No one turns the treadmill to full speed and then jumps on hoping to sprint.


----------



## goon175 (Mar 6, 2013)

There is stuff out there that fits your description, but their slots are filled with seasoned SOF guys. If you want to get into a gig like you described, then going through a SOF selection would be the best route to go.


----------



## JrodBones (Mar 6, 2013)

Short Round said:


> Again, I'm not in a position to give you a definitive answer on anything 0211. But using the logic of the military I would say no. There is no Jason Bourne MOS in the military, although I'm sure that somewhere in the deep dark corners of the Special Forces universe he does exist. Before you start thinking about direct action missions why not spend a few years in the regular infantry first.
> No one turns the treadmill to full speed and then jumps on hoping to sprint.


 

I see your point.
One of the reasons I ask is because I don’t know everything that’s out there in the other branches nor do I know how their CI/HUMINT guys operate and how they are placed throughout different units.

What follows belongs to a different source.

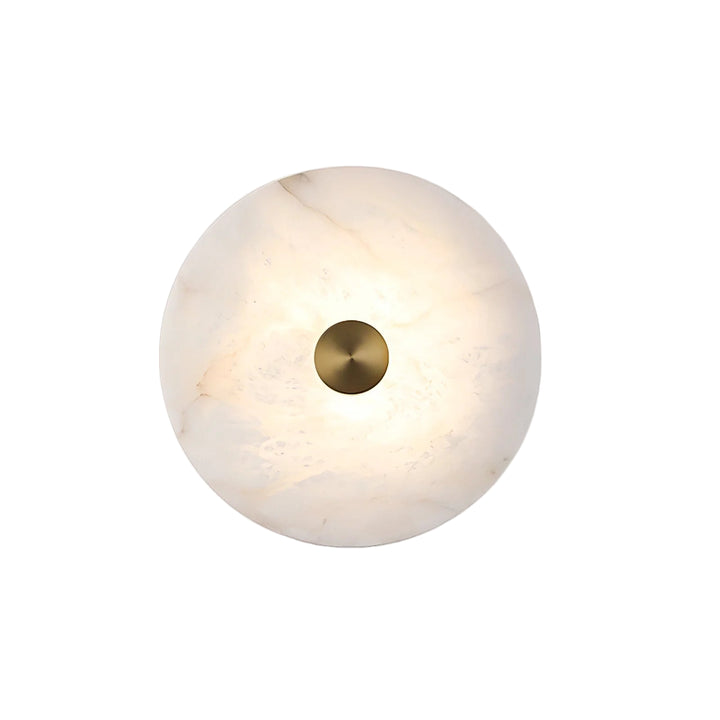 Disc-shaped alabaster wall light lamp, elegant modern interior lighting for home decor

I’m not necessarily trying to jump on the treadmill while it’s going at full speed, but I do not think that I would like being with a traditional infantry company AS much.  While they’re closely related they’re a different beast from the special operations capable units from my understanding at least.  I will never rule anything out, but just not what I want to shoot for.


----------



## JrodBones (Mar 6, 2013)

goon175 said:


> There is stuff out there that fits your description, but their slots are filled with seasoned SOF guys. If you want to get into a gig like you described, then going through a SOF selection would be the best route to go.


 
Goon..thank you for the advice.  Can you provide information on what positions those would be without violating any OPSEC?  Also, would that be a position in the Army that you're referring to?

So, in your opinion, it would be better to go through the SF pipeline and get into the field and THEN try to get into a CI or HUMINT position on a team or with a group instead of the other way around?


----------



## Stork (Mar 6, 2013)

MARSOC is taking CI/HUMINT Marines as SOCS.  None have come straight from the school-house.  I think all have 0211 combat tours.  To deploy with an MSOC/MSOT you would undergo their work-up.  You're looking at quite a while before you'd even get here.

http://www.marsoc.marines.mil/Recruiting/SpecialOperationsCapabilitiesSpecialist.aspx

I would suggest you prioritize what you want to do (pull triggers or do intel).  Then, go AD and lat move into that.  But you need to be clear in your head what you're there for.  If you go to your OIC/Chief as a CI/HUMINTer thinking you're there to be a door kicker, you're going to be sorely disappointed.  Generally, really cool jobs go to guys who got noticed doing well at the less cool jobs first (but IMHO few 0211 jobs are uncool).


----------



## JrodBones (Mar 6, 2013)

Stork said:


> Then, go AD and lat move into that.


Only problem is that I am trying to stay reserves or guard. Single dad. I've received feedback from guys on here and know that with a field like that I will see more deployments and training than normal reserve or guard units, but the main issue would be the PCS that I cannot do.



Stork said:


> But you need to be clear in your head what you're there for.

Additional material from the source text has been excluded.